Честно признаться, не только послу, но и ему самому было совершенно невдомек, зачем Константину понадобилось это неведомое племя. Невдомек, потому что не верилось в сказанное государем по поводу этого племени:

— Это сейчас у них полтысячи шатров, а лет через двести от них большой вред может быть для Руси. Было у меня такое видение, — внушительно заметил он. — Вот и выходит, что их надо либо истребить на корню, либо к себе на службу взять. Теперь понятно?

Евпатий вздохнул, недоверчиво передернул плечами, но переспрашивать не стал, решив поверить на слово, хотя звучало все это как-то… сомнительно.

«Полтысячи шатров. Если с нашими половцами сравнить, то получается никак не больше тысячи воинов. Да пускай полутора или даже двух, — рассуждал он мысленно. — И это опасность? Не-е-т, видать, тут кроется что-то еще. Какая-то сокровенная тайна».

Коловрату стало немного обидно, но он успокоил себя мыслью, что, скорее всего, в том же самом видении государю было строго воспрещено рассказывать о сути дела кому бы то ни было.

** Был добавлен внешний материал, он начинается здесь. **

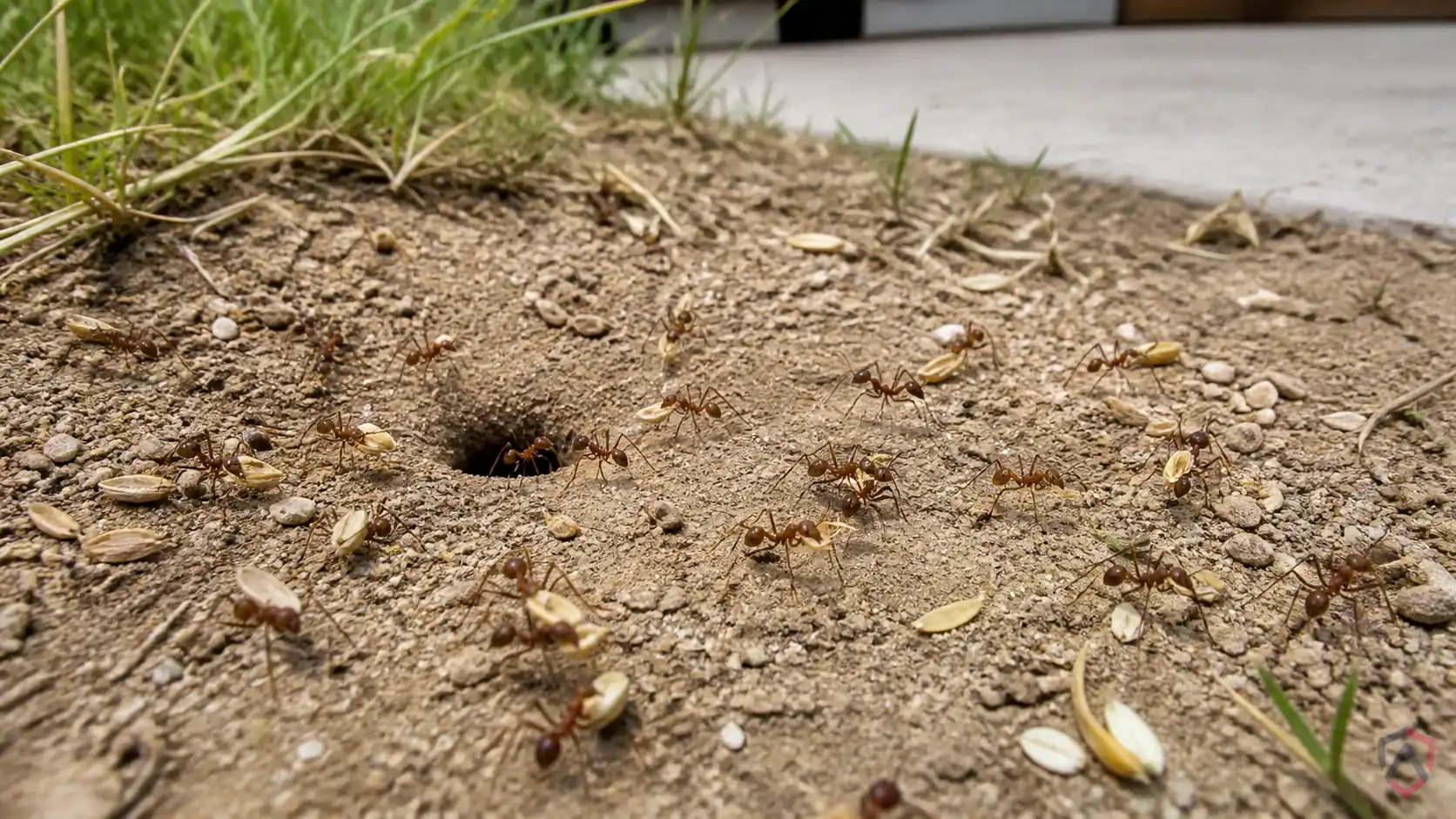 Harvester Ants activity in kitchens, foundation edges, patios, wall lines, windows, and damp trim in Minnesota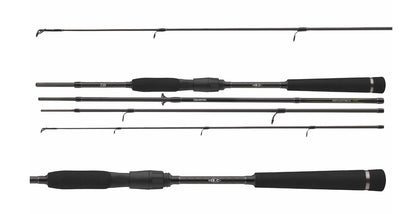 Спининг въдица DAIWA 23 MEGAFORCE TRAVEL SPIN - 2.40m/10-40gr - 4 секции на фона с различни секции.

— А на самом деле зачем они тебе? — уточнил Вячеслав, заинтригованный загадочными словами.

Его Константин также привлек к инструктажу Зяблеца, и теперь воевода очень хотел знать, что в действительности понадобилось другу.

Тот оглянулся на дверь — вроде закрыта плотно.

— Думаешь, я ему наврал? — усмехнулся Константин. — Чистая правда. Разумеется, кроме видения, — тут же поправился он. — Это сейчас они кайы, пока на службе у Джелал ад-дина, которого то ли убили, то ли вот-вот убьют. После его смерти большая часть племени во главе со своим вождем Эртогулом придет в Иконийский султанат, к Кей-Кубаду I, который выделит им местечко в где-то в Анатолии, причем на границе с византийцами.

— То есть в пограничную стражу их примет, — сделал вывод воевода.

— Примерно так. Они будут долго расти и усиливаться. Трогать их особо некому. Византийцы о чужом еще долго помышлять не будут — свое бы удержать. А самих сельджуков эти места тоже не особо прельщают, да и не до того им. Тем более что скоро на эти земли придут монголы, и весь султанат развалится на маленькие эмиратства. Эртогул будет править долго, а потом передаст власть своему сыну Осману. Тебе это имя ни о чем не говорит?

— Что-то такое вертится на уме, но как-то туманно, — ничуть не смутившись, заявил воевода. — Да и чего голову напрягать, когда ты сам сейчас все расскажешь.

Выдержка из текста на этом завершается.